LondonMetric ups divi as M&A drives solid profit growth
Updated : 08:45
FTSE 250-listed real estate investment trust LondonMetric saw profits and rental income both rise by more than 20% in the year to 31 March, helping the company to increase its dividend by 7.4%.
Net rental income totalled £177.1m, up from £146.8m the year before, while net contracted rent more than doubled to £340m from £145m as a result of merger activity, with the group having merged with LXi REIT and acquired CP Property Trust during the period.
The value of LondonMetric's portfolio expanded to £6.0bn, from £3.0bn the year before, with the LXi merger adding £2.9bn and £0.3bn adding through the CTPT bolt-on. Net tangible assets increased to £3.91bn, up fro £1.96bn previously.
"This has been a transformational period for our company with the successful execution of two M&A transactions.
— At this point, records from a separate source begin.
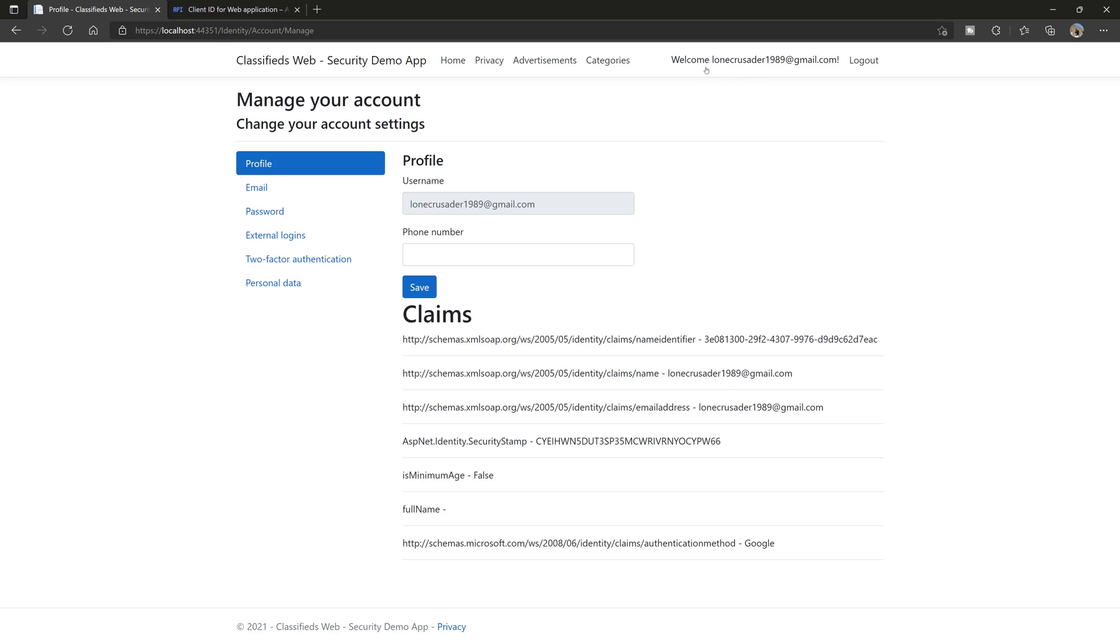That being said, we have successfully set up Google authentication in our .NET Core app.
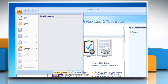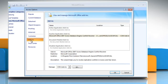Click Access Options and then click Add-ins. View the add-ins and application extensions that are categorized as: active application add-ins, inactive application add-ins, document related add-ins, and disabled application add-ins.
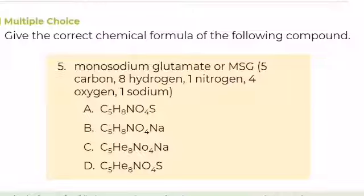Number 5. Give the correct chemical formula of the following compound: monosodium glutamate or MSG, composed of 5 carbon, 8 hydrogen, 1 nitrogen, 4 oxygen, and 1 sodium. A. C5H8NO4S, B. C5H8NO4Na, C. C5H8NO4Na, or D. C5H8NO4S. What is your answer?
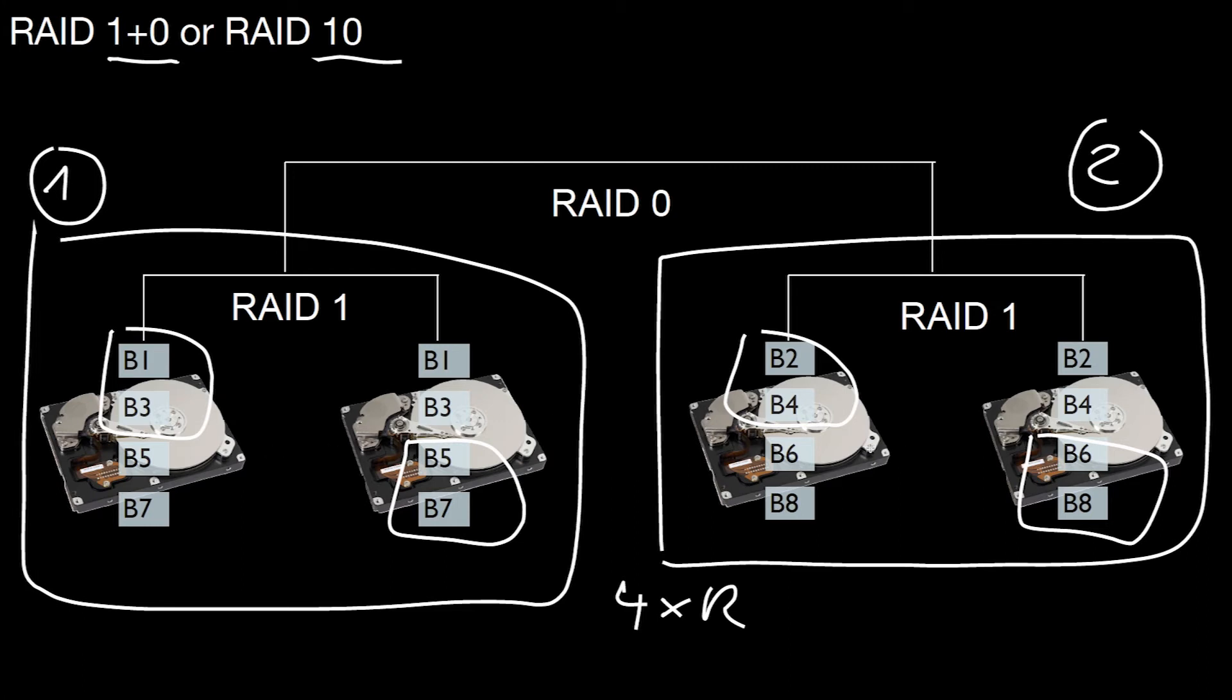We have the same property as in the standard RAID. We have twice the write performance as blocks 9 and 10 can be written out in parallel.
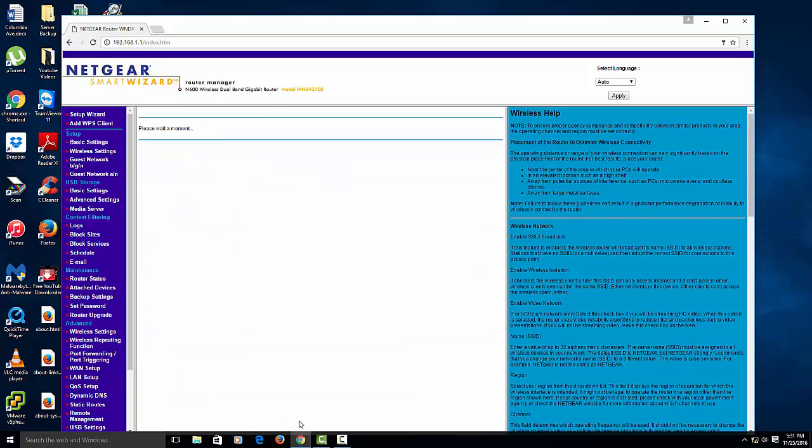Now once you do that, you should be all set. That's the very easiest way to do it. So just remember, you want to change the name by accessing the IP address. And that's it.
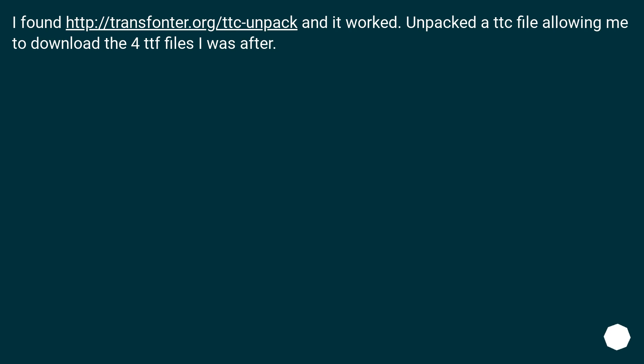I found this URL and it worked. Unpacked a TTC file allowing me to download the four TTF files I was after.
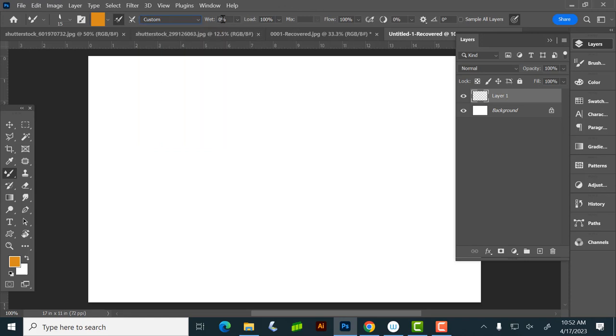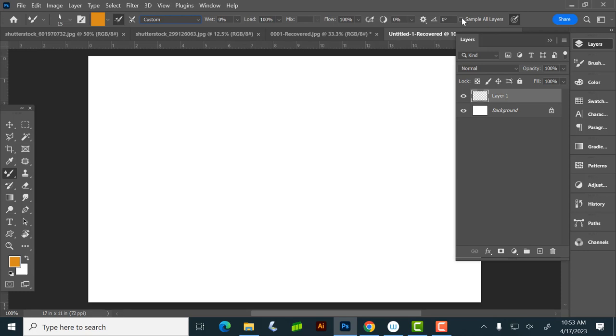Then over here, you have your wet setting, which is how much, okay, so this all relates to how a brush actually works. So the wet setting is basically that, I got very wet paint, and how much of it do I have on my brush. Load is how much paint you have load on it. Mix is how much it's mixing together with whatever's around it. And then flow is just how much, it's sort of opacity, sort of.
We have doubled the size of our portfolio to £6 billion, creating the UK's leading triple net lease REIT and the third largest UK REIT by market capitalisation," said chief executive Andrew Jones.
Total earnings rose to £121.6m from £101.1m previously while the cost ratio – operating costs as a percentage of gross rental income – remained more or less stable at 11.6%.
The company declared a fourth-quarter dividend of 3.0p per share, taking the full-year dividend to 10.2p, up from 9.5p the year before, which was 107% covered by earnings.
Jones said the company's "material earnings growth [...] gives us confidence to increase our Q1 dividend for FY 2025 by 19%".
In a separate statement, LondonMetric announced it had sold £37m of former LXi office assets – one in Dundee let to BT and one in Glasgow let to STV – and a £0.5m care home in the West Midlands. The company has now offloaded £55.4m of non-core LXi assets at an average of 7% above prevailing book values.
The stock was up 0.2% at 208.4p by 0839 BST.